É fenômeno saudosista, digamos assim, que passou antes pelo renascimento inesperado das câmeras digitais, como se houvesse algum cansaço com as infinitas ofertas dos smartphones. Direto ao ponto: a geração Z, de vinte e poucos anos, deu de olhar para trás, e não há aí nenhum recuo comportamental, algum tipo de conservadorismo tolo. Não é isso. “A nostalgia é um arquivo que remove as arestas dos bons velhos tempos”, diz o jornalista americano especializado em tecnologia, Doug Larson.
A onda pode ser medida em cifras. O mercado global de câmeras analógicas é estimado, hoje, em 18,4 bilhões de dólares e pode chegar a 26 bilhões em 2030. É bom, sem dúvida, mas quase nada comparado ao mar de negócios com smartphones, avaliado em estrondosos 578 bilhões de dólares. Mas essa expansão não pode ser desdenhada. É conveniente não medi-la apenas pelo tamanho das vendas, porque se trata de caminhada mais delicada, com um quê de rebeldia. Acostumados a fazer tudo pelo celular, os jovens passaram a buscar uma relação diferente com a fotografia. Primeiro, se voltaram para as digitais portáteis, como a popular Cyber-shot, para ter um equipamento dedicado apenas ao registro das imagens, sem as firulas do Instagram. Agora, buscam a imperfeição dos modelos do passado, e há nesse passo um toque de ironia — afinal, a estética retrô da película é buscada por praticamente todos os aplicativos de fotos das redes sociais, com filtros para tudo quanto é gosto.

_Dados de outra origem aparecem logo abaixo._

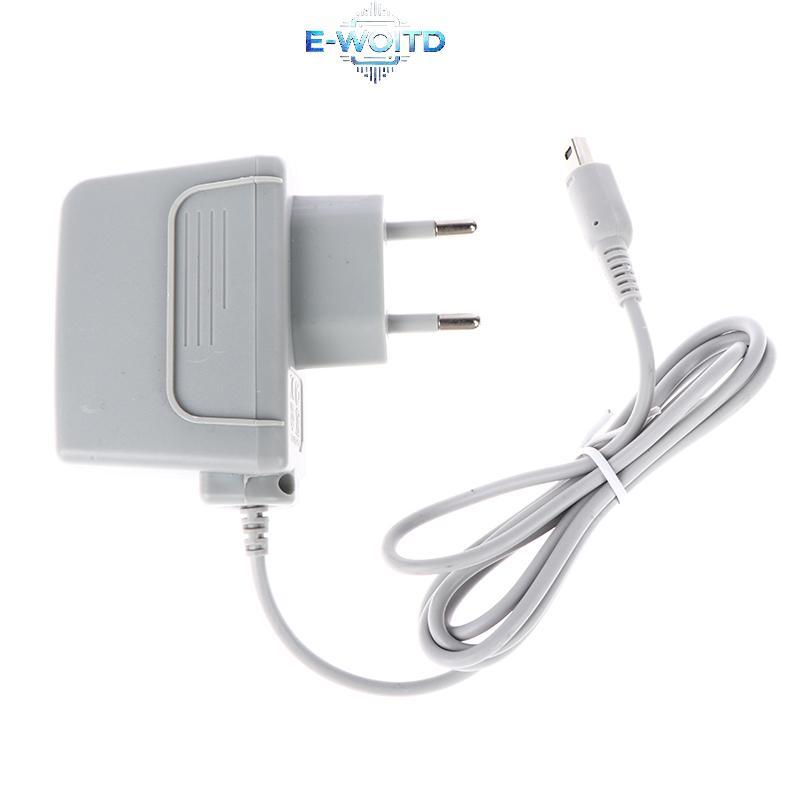 E-WOITD EU / US Plug Charger AC Adapter cho Nintendo cho 2DS / 3DS / NDSI / 3DSXL Power Adapter E-WOITD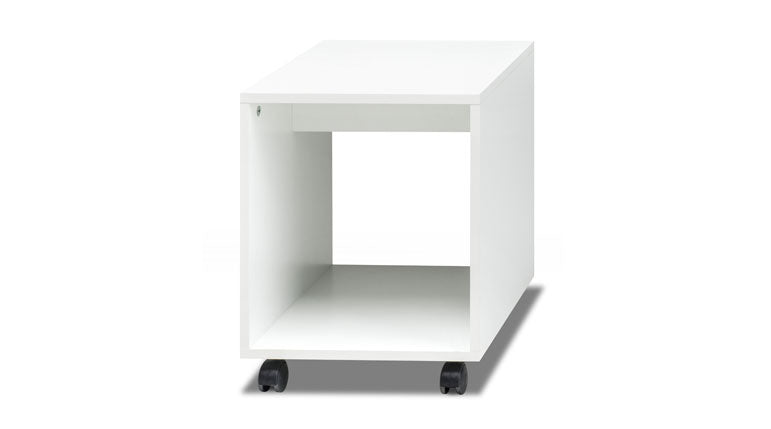 Carrello Cubo in Legno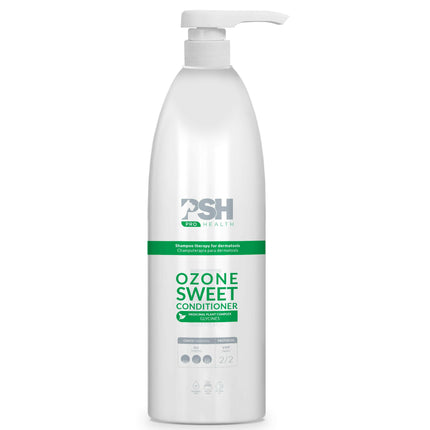 PSH Ozone Sweet Conditioner - dermatological conditioner for dogs and cats, supporting the treatment of skin diseases.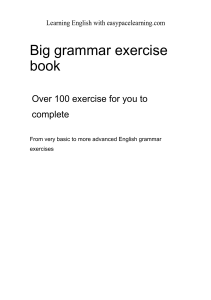 bigbookofgrammarexercise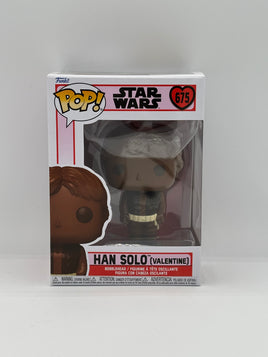 Funko Pop Valentine Chocolate Han Solo #675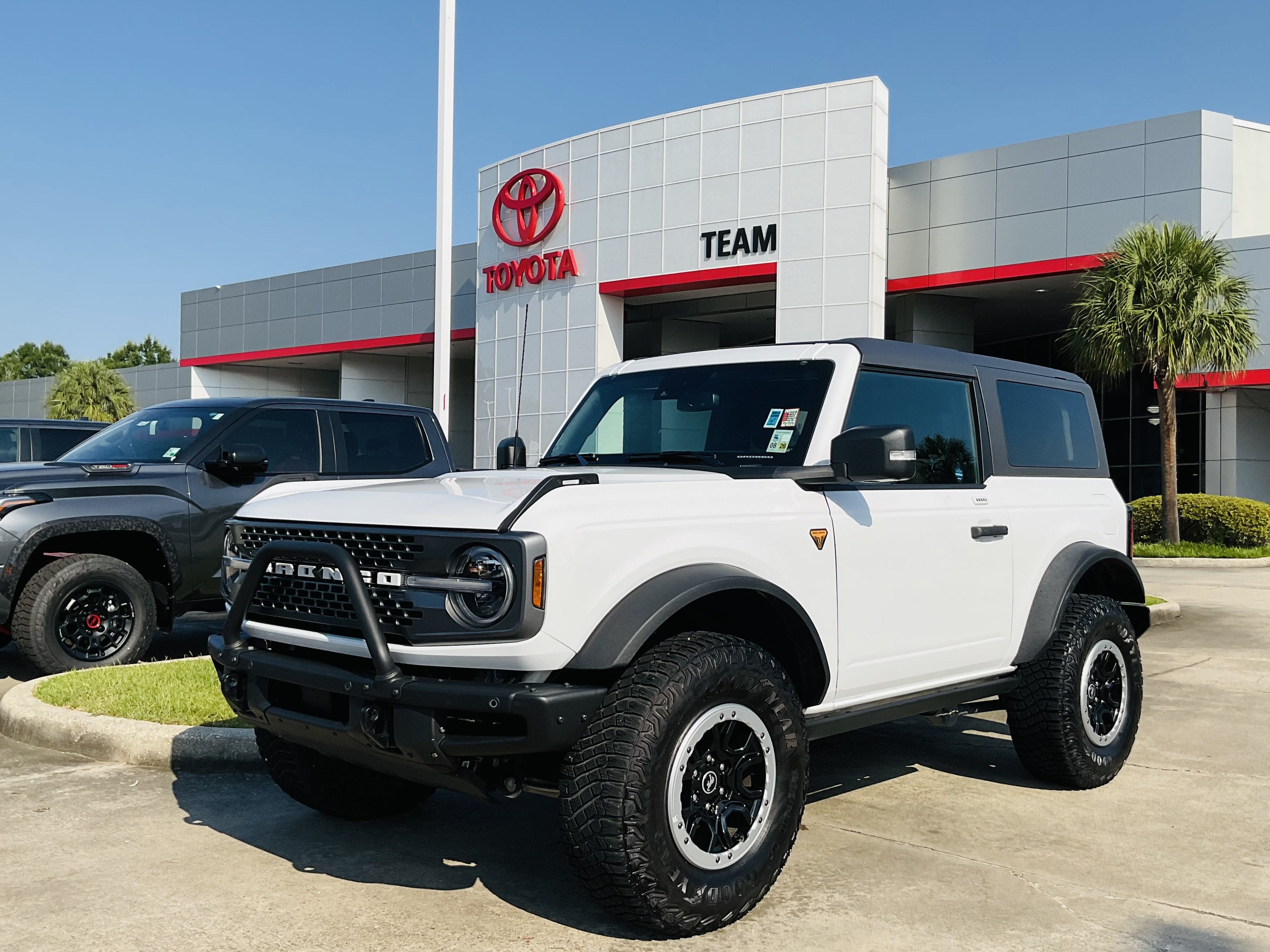 2023 Ford Bronco Badlands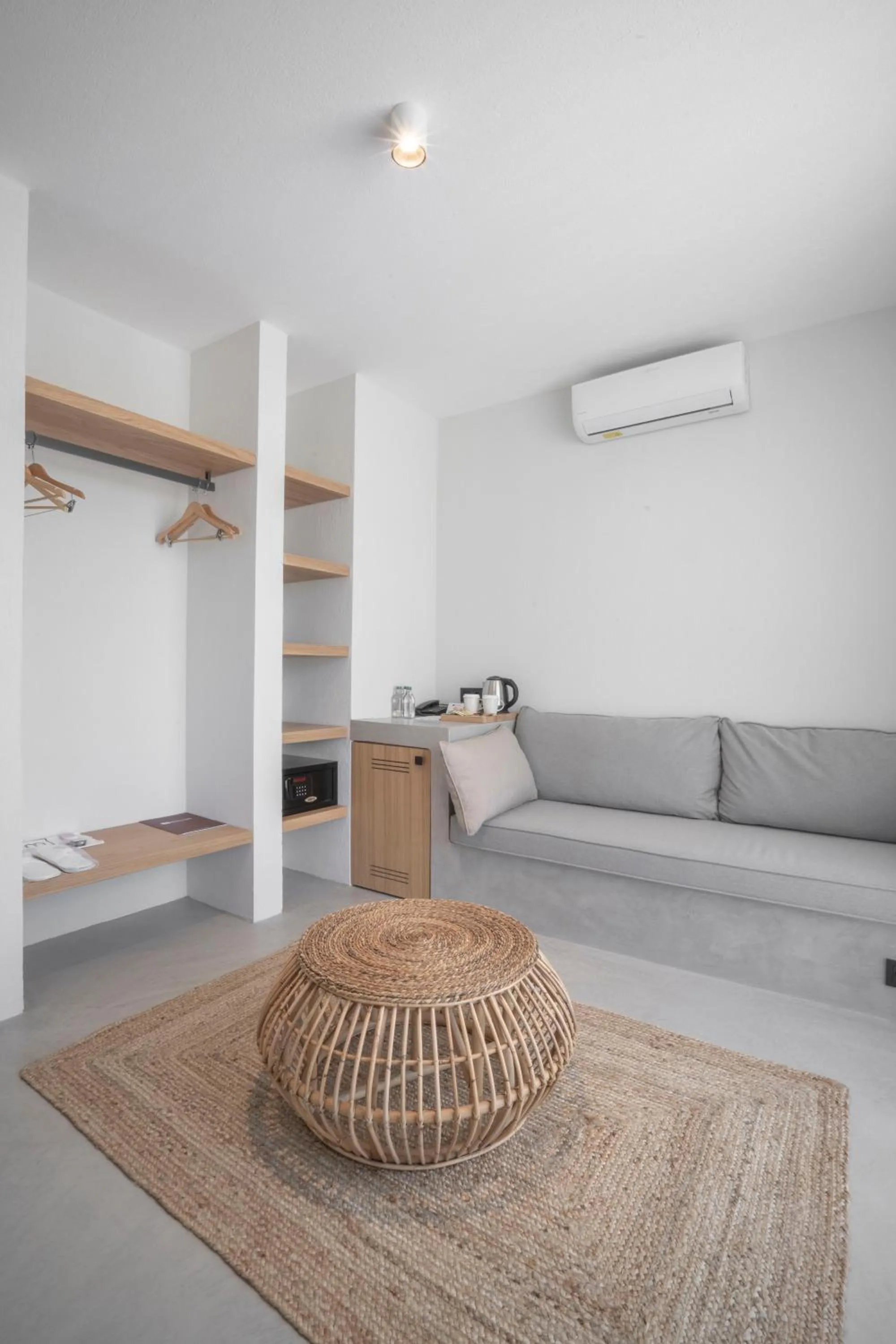 Seating area in Regia Mare Beach Hotel & Spa Bodrum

É travessia feita de obstáculos, que impõe limitações, embora seja possível superá-las. É comum encontrar câmeras com problemas, e falta mão de obra especializada para o conserto. Exemplares em bom estado não são baratos: uma Leica antiga chega a custar 10 000 reais em sites de usados. Há ainda o desafio do filme. Um rolo de 36 poses produzido pela Kodak ou pela Fujifilm custa cerca de 150 reais em lojas on-line. Por fim, são poucos os lugares que fazem a revelação. Em grandes metrópoles, como São Paulo, Rio de Janeiro ou Belo Horizonte, há espaços físicos que oferecem o serviço, mas são poucos. Em outras cidades, é preciso mandar o rolo pelo correio e esperar para receber as fotos em casa. O processo custa cerca de 130 reais, além do valor do envio.
Mas a tendência é firme, e não por acaso grandes empresas, atentas à febre, decidiram se mexer. A Kodak é uma delas. Alguns de seus lançamentos são modelos portáteis, de fácil manuseio (veja no quadro), com estética vintage e variadas opções de cores. Neste ano, houve também o lançamento da Kodak Charmera, uma pequena câmera de brinquedo, inspirada na década de 1980, que despertou o interesse do público e tem vendido bem. O desempenho do equipamento pode ajudar a centenária companhia, que já enfrentou dificuldades financeiras justamente por não conseguir se adaptar aos novos tempos. No mais recente balanço financeiro, apresentado em agosto, registrou um prejuízo de 26 milhões de dólares. A Fujifilm soube aproveitar ainda melhor esse renovado interesse com a Instax, câmera portátil, oferecida em uma variedade de tonalidades chamativas, que imprime retratos na hora, como os da antiga Polaroid. Em abril deste ano, a empresa japonesa anunciou ter batido a marca de 100 milhões de unidades comercializadas no mundo todo. Mais de 90% delas foram compradas fora do Japão, o que mostra o apelo global.
Há, enfim, fascinante mescla de genuíno interesse casado com oportunidade de marketing. Pode ser nuvem passageira, talvez sim, mas está aí para ser acompanhada com interesse, o lado B do exagero imposto pelos algoritmos em tempo de inteligência artificial. Uma piscadela para ontem mal não faz, além de ser um hobby agradável. Nas palavras do fotógrafo americano Robert Adams, que tem trabalhos expostos no MoMA, em Nova York, e em outros reputados museus e galerias pelo mundo: “Nenhum lugar é chato se você teve uma boa noite de sono e tem o bolso cheio de filme virgem”.